Chloe's fingers played across her pudgy face, and then dropped to her big stomach.
"You're my girl," Nannie went on. "We'll be all right. Enough talk of Stony."
There was a click beetle on the floor beside Chloe's foot, and Chloe stepped on it with her toe. She held the doll's head down for it to see. "Bad old bug," she said. Then she said, "Nannie, Stony said you being bad."
"Child," said Nannie. She put her cup down and swiped her lips. Some of the drips were wiped away, many were left. A small string of spit followed the hand down to the table. "You's simple, but I love you. Trust me. Them boys'll never have the best of me long as I live. You'll always be my girl who needs me and I'll do right by you."
Chloe was silent. She watched her grandmother pull herself up from the table to put the cups away. There was no telling Nannie what to do. Stony, Chloe's older brother, was always trying. He would continue to come over once a week after a day at the turkey plant and try to scold some sense into the old woman. It did no good. Nannie would tell Stony to go home to his wife and son and take care of them because she would be all right. Then Nannie would take the knife to her side again.
At the sink, Nannie braced herself and rinsed out the cups. It was hard for her to walk. She hadn't gotten used to hopping on one foot yet. One cup clattered as it slipped from Nannies grasp. Chloe flinched, and grabbed the straps of her sleeveless sundress, her forearms coming up over her breasts. She said, "Break, Nannie?"

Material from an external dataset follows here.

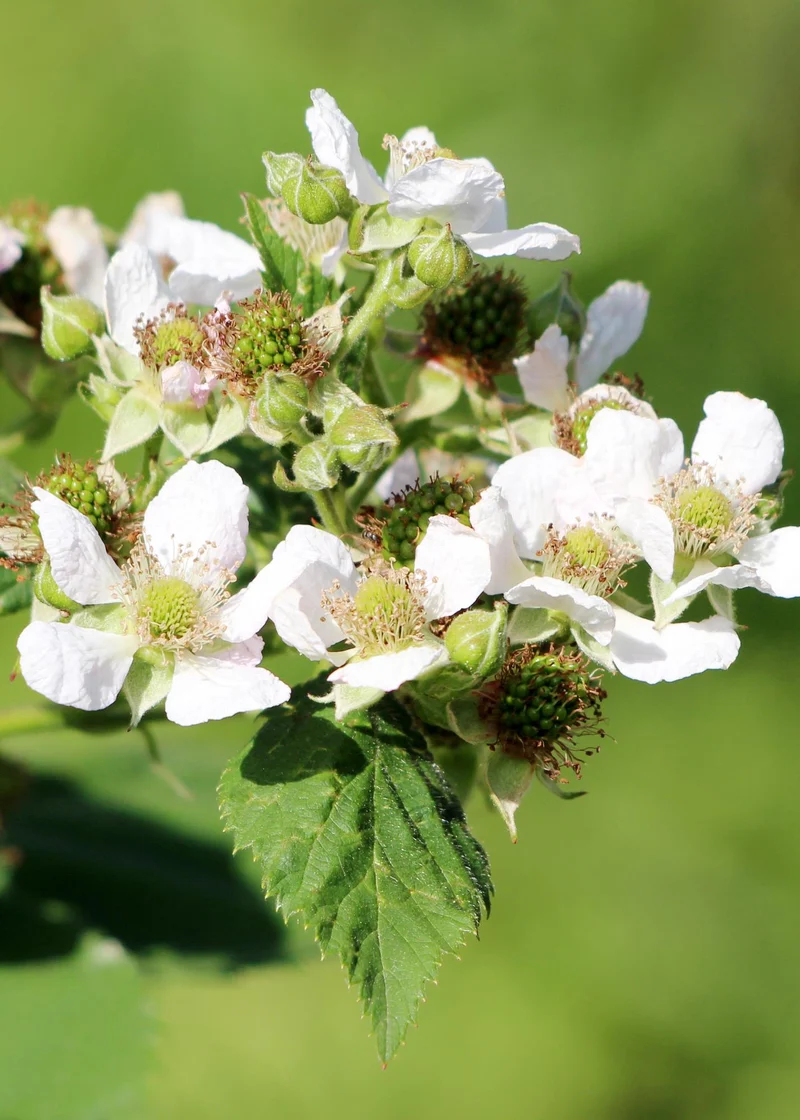 Himbeere ‚Malling Promise' kaufen – Sommer-Himbeere im Ø 13 cm Topf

"Nah," Nannie said. "It was my cup. Plastic don't break like glass, honey."
"Oh," said Chloe.
"Goin' to the porch?" asked Nannie.
Chloe nodded and helped her grandmother out of the kitchen and down the short hail to the barren living room at the front of the house. The doll went, too, crammed under Chloe's unshaved armpit. A breeze blew through the screened door, lifting the stench of Nannie's wounds and making Chloe rub her nose with her free hand. Out on the porch, the fresh air made sitting next to Nannie more tolerable. Nannie settled down on her chair, the wood barely giving under her wasted body. Chloe's own chair creaked mightily under the girl’s weight.